As a postdoc, it’s less clear what I can do. I can call out bias (that I don’t see often except on the internet sometimes), I can listen, and I can work on projecting a welcome environment, but my influence is still minor in terms of changing the system– I don’t make decisions that can affect the entire population of STEM workers.

That’s not quite true. There is one thing I can do– leave STEM. At least leave the traditional academic path (My current career goal is what I like to call “science adjacent”). That might be hard for some who’ve been pursuing that academic job their entire lives, but with a limited number of faculty jobs available each year, reducing the majority population seeking them might well increase the number of women and underrepresented groups getting faculty jobs. It’s not a guarantee of course, but it’s something that might help, especially in a field like life sciences where there really is a large pool of talent there to promote.

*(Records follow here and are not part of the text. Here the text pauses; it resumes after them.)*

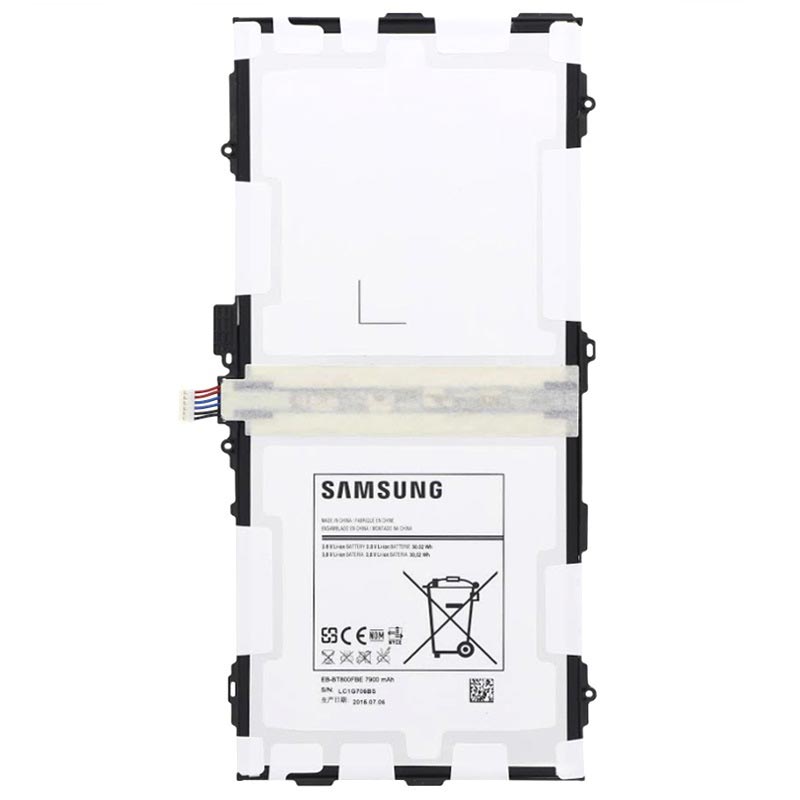 Kwelling ik ben gelukkig Overgang Samsung Galaxy Tab S 10.5 LTE Batterij EB-BT800FBE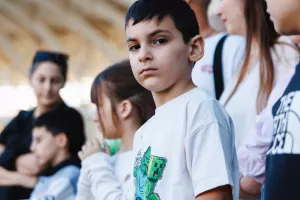 Άρης/Πάνω από το ποδόσφαιρο η ανθρωπιά! (Φώτος) 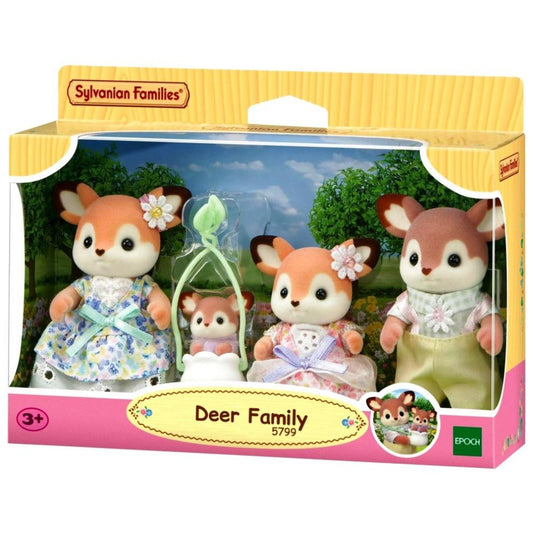 SYLVANIAN FAMILIES - Deer Family Figure Set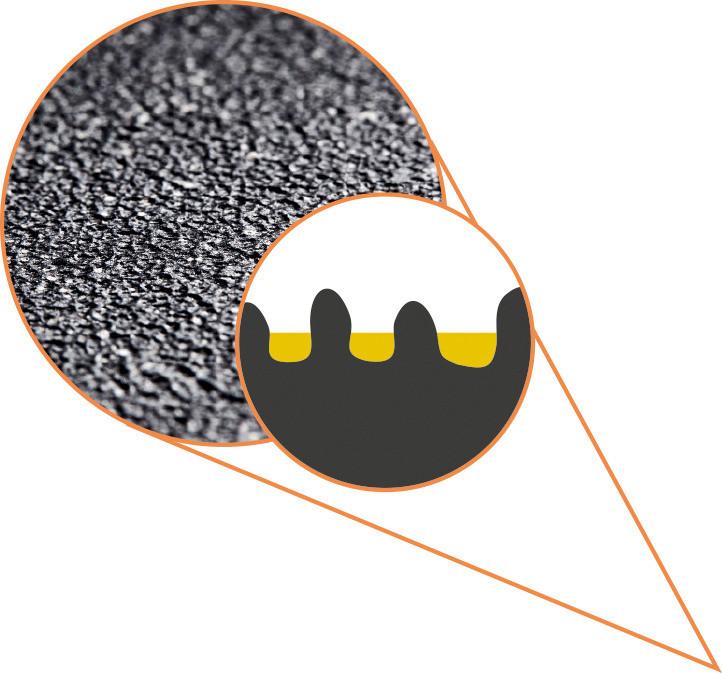Bratpfanne Granit Solution Dxh: Ca. 20x4,5 Cm - Schwarz, Basics, Metall (20/4,5cm)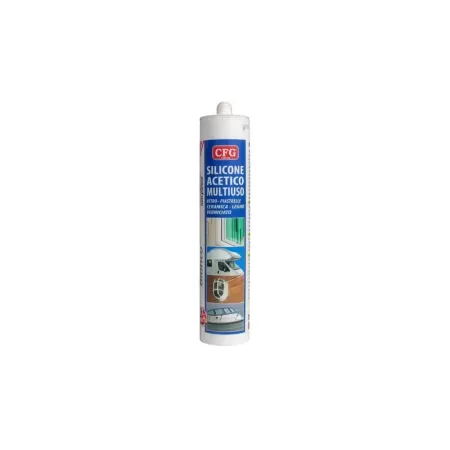 CFG SILICONE ACETICO MULTIUSO 280ml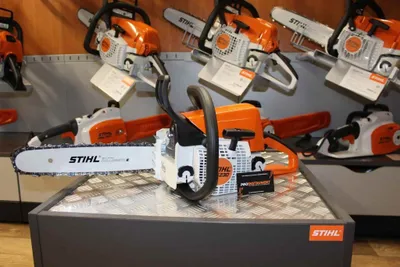 Бензопила Stihl MS 230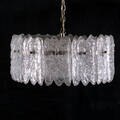 TAKLAMPA, plastglas, 1970-tal.
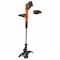 Black & Decker 20V MAX* Lithium EASYFEED(TM) String Trimmer/Edger + 2 Lithium-Ion Batteries LSTE525 - alternate 1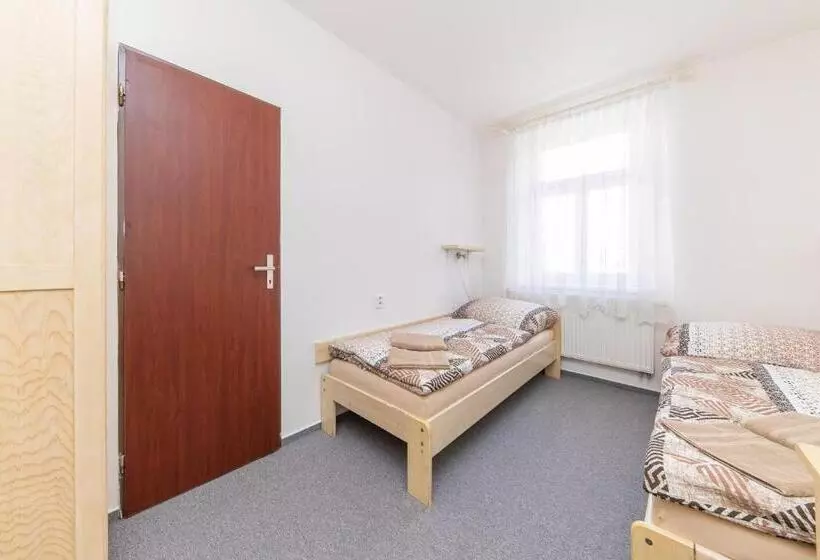 Hotelli Pivovar Polička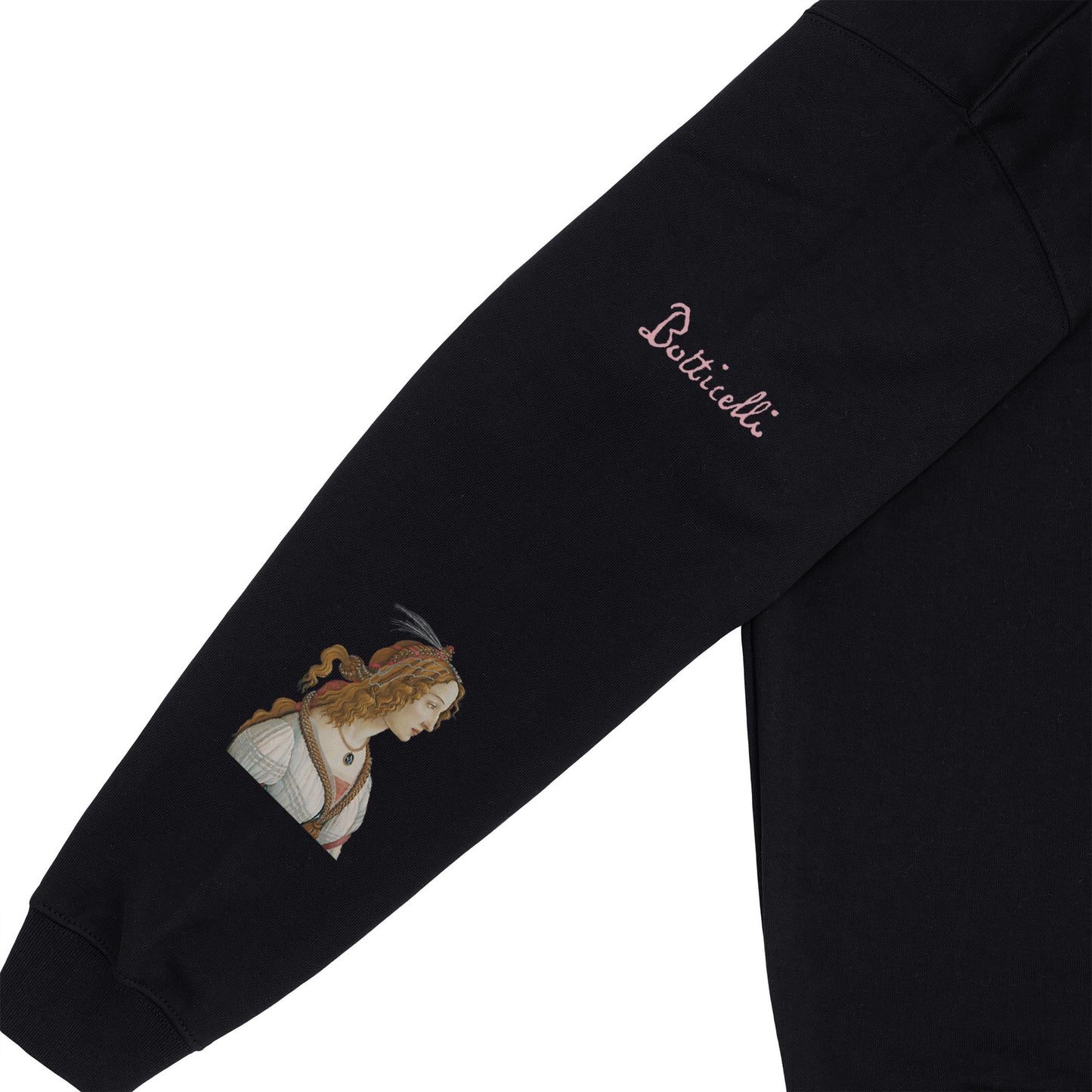 桑德羅·波提切利 - 溢出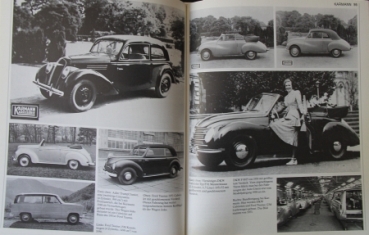 Preview: Schrader "Automobil-Spezialkarosserien" Fahrzeug-Historie 1985 (7881)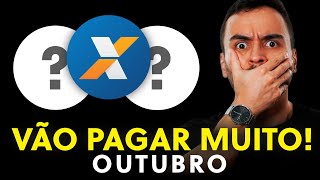 DIVIDENDOS 3 ações que vão pagar em OUTUBRO [upl. by Megargee890]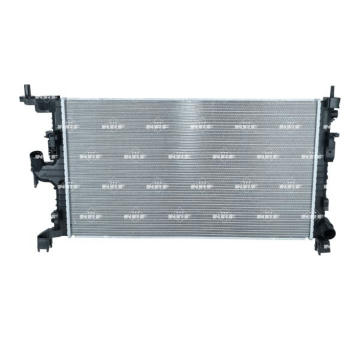 Chladič motora NRF 550345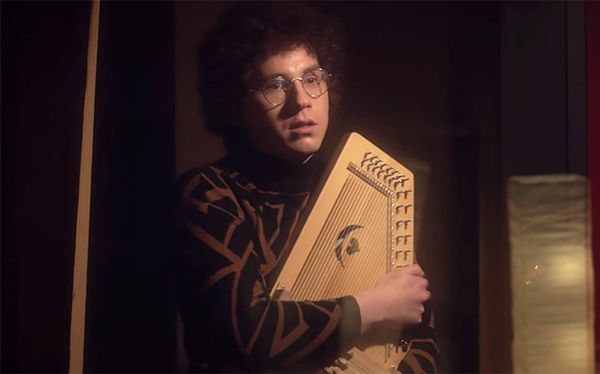 Trixie Mattel goes back to basics in new music video for Little Sister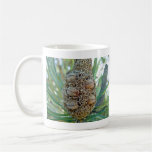 Cône de Banksia avec des cosses de graine Mug
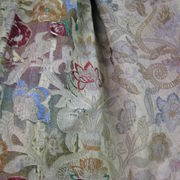 C2431 - Worn Floral Silk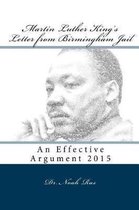 Martin Luther King's Letter from Birmingham Jail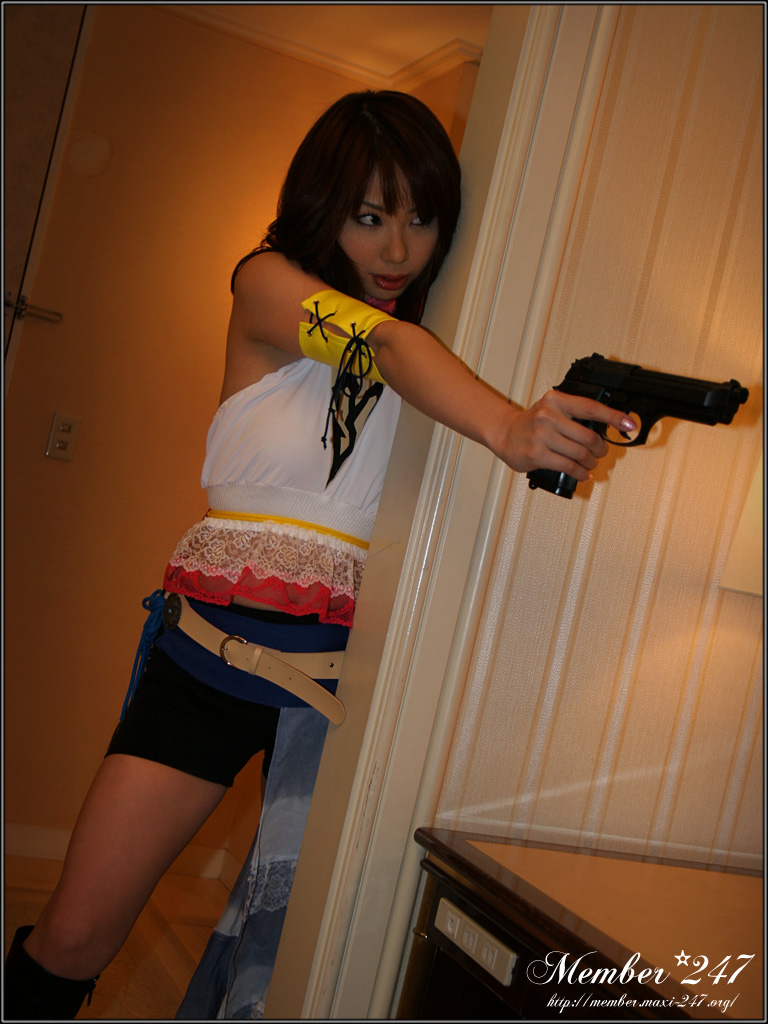 [Maxi-247] Anime ★ Cô gái 08 Mahiro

It will also take cultural change amongst hiring committees, but that seems more and more feasible as there really have been some gains in under-represented groups in STEM in the last 40 years and that influence is being felt (of course, it’s not all solved as my initial anecdote notes).

Part of being supportive is also to note social progress. Because it is happening (you, underrepresented groups are being heard by at least some of us). Taking women in professional life as examples: Geraldine Richmond as President of AAAS, Hilary Clinton running for president with a real shot at winning the election, and Jennifer Doudna being hailed as one of the key innovators behind CRISPR. It’s just not that exceptional to see successful (even moderately successful) women anymore– and that normalization is a good thing (this is not meant to diminish lived experience, it just means being treated as a scientist when talking to another scientist independent of how they identify because, in the moment of discussing science, it does not matter). There are still a lot of people that don’t get the recognition they should, of course, but examples are coming to light more and more, both contemporary and historic.

Mostly, I try to follow the platinum rule: treat people as they want to be treated. I also strive to follow the Finkbeiner rule in my writing. And listen. Treating a person as a person, giving them what I can when I can (sadly, I’m not always unlimitedly available and I hope no one expects me to be). There are still a lot of things for me to learn. I don’t really know the reporting structure at my institution for harassment cases (my first instinct: refer them to the ombudsperson who does deal with these cases off the record). I don’t know if conferences I attend have extensive anti-harassment policies (they all have something, I’m sure– just may not be sufficient).

And last, I’ve written this entire post on being supportive of inclusivity/diversity and I don’t expect to get any praise for it. It’s almost like an etiquette column: it’s what everyone should do and it’s not that hard (except the changing career paths; that is not easy, but something I want to do and just need to make happen).

What thoughts do you have on being supportive/inclusive of others in STEM (or anywhere)?